Ibogaine induces juvenile-like plasticity and modulates functional and structural regulators of plasticity in the adult mouse visual cortex

Research Square December 18, 2025 Alejo Acuña, Federico Billeri, Valentino Totaro et al.

A single dose of ibogaine, an atypical psychedelic, reinstated juvenile-like experience-dependent plasticity in the adult mouse visual cortex. Adult mice given ibogaine and then subjected to four days of monocular deprivation showed reduced visual acuity in the deprived eye and decreased dendritic spine density in the binocular visual cortex, effects not seen in vehicle-treated mice. Ibogaine alone did not alter these measures. The plasticity enhancement was accompanied by reductions in perineuronal nets, parvalbumin-positive interneurons, and inhibitory synaptic puncta density, suggesting ibogaine removes structural and inhibitory brakes on plasticity. These findings indicate ibogaine's therapeutic actions may stem from reopening windows of heightened cortical adaptability.

Is ibogaine treatment durable? 12-month follow-up of magnesium–ibogaine therapy (MISTIC) in Special Operations Veterans with traumatic brain injuries

Research Square December 17, 2025 Camarin E. Rolle, Nolan Williams, Afik Faerman et al.

A single dose of magnesium-ibogaine produced large and lasting reductions in disability, posttraumatic stress disorder, depression, and anxiety symptoms over 12 months in male U.S. Special Operations Veterans with a history of traumatic brain injury. Of 30 treated participants, 25 completed the full year of follow-up. Effect sizes at 12 months were very large (Cohen's d ≥ 2.18). The estimated probability of sustained remission at one year was 84% for PTSD, 66% for depression, and 61% for anxiety. These results suggest ibogaine may offer durable clinical benefits for TBI-related psychiatric and functional problems, though randomized controlled trials are needed to confirm the findings.
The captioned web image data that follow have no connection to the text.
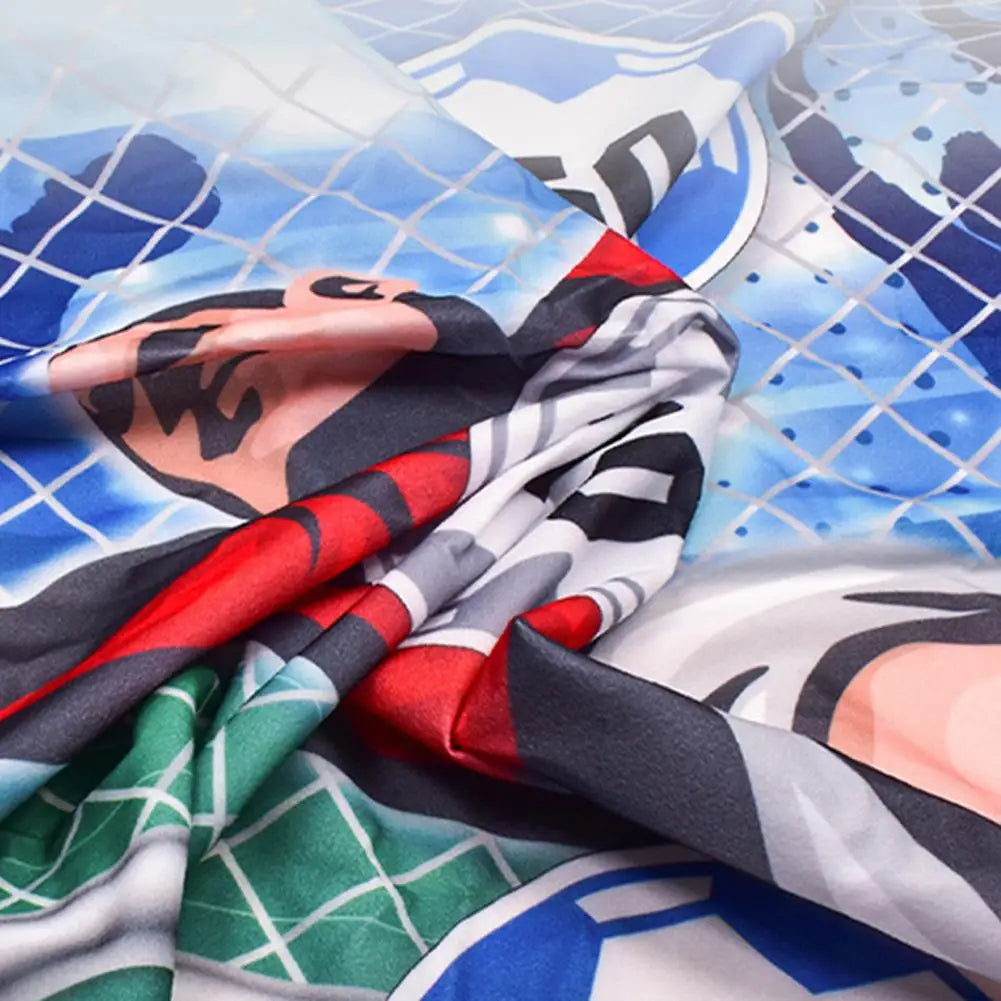 FootFun Max™ – Kit de Football Intérieur/Extérieur XXL pour Enfants (150x100 cm)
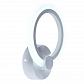 Бра Seven Fires Lejni WD5006/1W-S-WT - фото №1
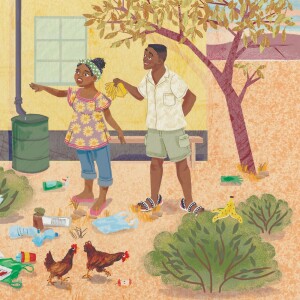 Let's Go On A Litter Hunt! Eco Stories for Kids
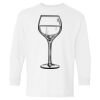 Heavy Cotton Youth Long Sleeve Gildan T-Shirt 5400B Thumbnail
Limited prognostic value of early maladaptive schemas for acute psychedelic experience and symptom improvement

Research Square December 1, 2025 Albert Buchard, Federico Seragnoli, Michel Sabé et al.
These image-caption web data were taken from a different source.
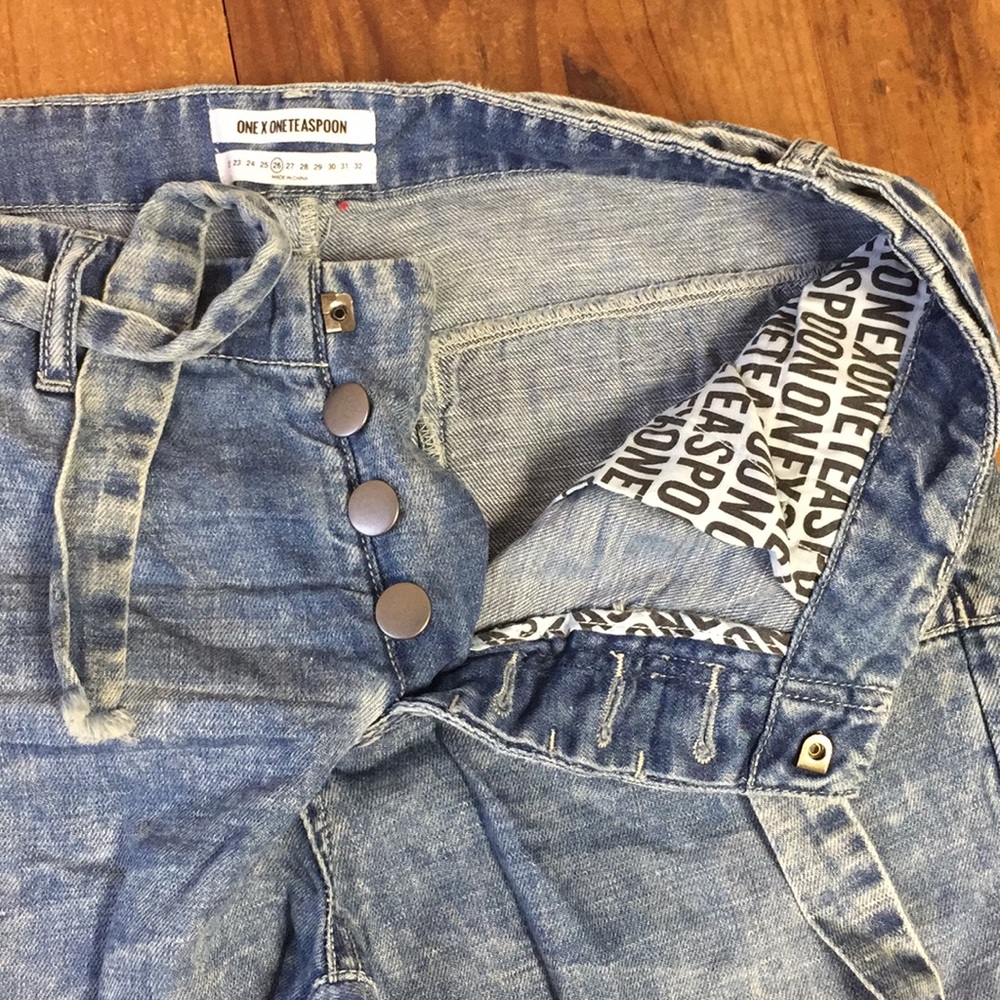 One Teaspoon Calvalries Jeans - Picture 4 of 11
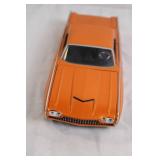 Jada Toys 1963 Thunderbird Diecast Car Model Orange Jada Toys 1963 Thunderbird Diecast Car Model Orange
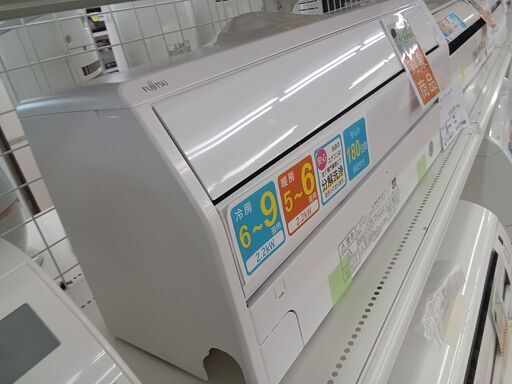 ★期間限定SALE★標準工事費込み★ FUJITSU エアコン  21年製 動作確認／クリーニング済み TK565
Early maladaptive schemas (EMS) are common in people seeking psychedelic-assisted psychotherapy and are strongly linked to baseline depression and anxiety. In 192 adults assessed for EMS and 74 patients followed through psilocybin- or LSD-assisted therapy, baseline schema burden—especially around failure and defectiveness—was tied to cognitive-depressive symptoms. However, schema burden did not predict the quality of the acute psychedelic experience or moderate overall symptom improvement. Patients experienced significant reductions in depression and anxiety with each session, but these changes depended on initial symptom severity, not their schema profile. Treatment effects were similar for psilocybin and LSD. The findings indicate that EMS are useful for identifying cognitive-emotional themes, such as core beliefs about failure, to address during psychotherapeutic integration, rather than for patient selection or outcome prediction.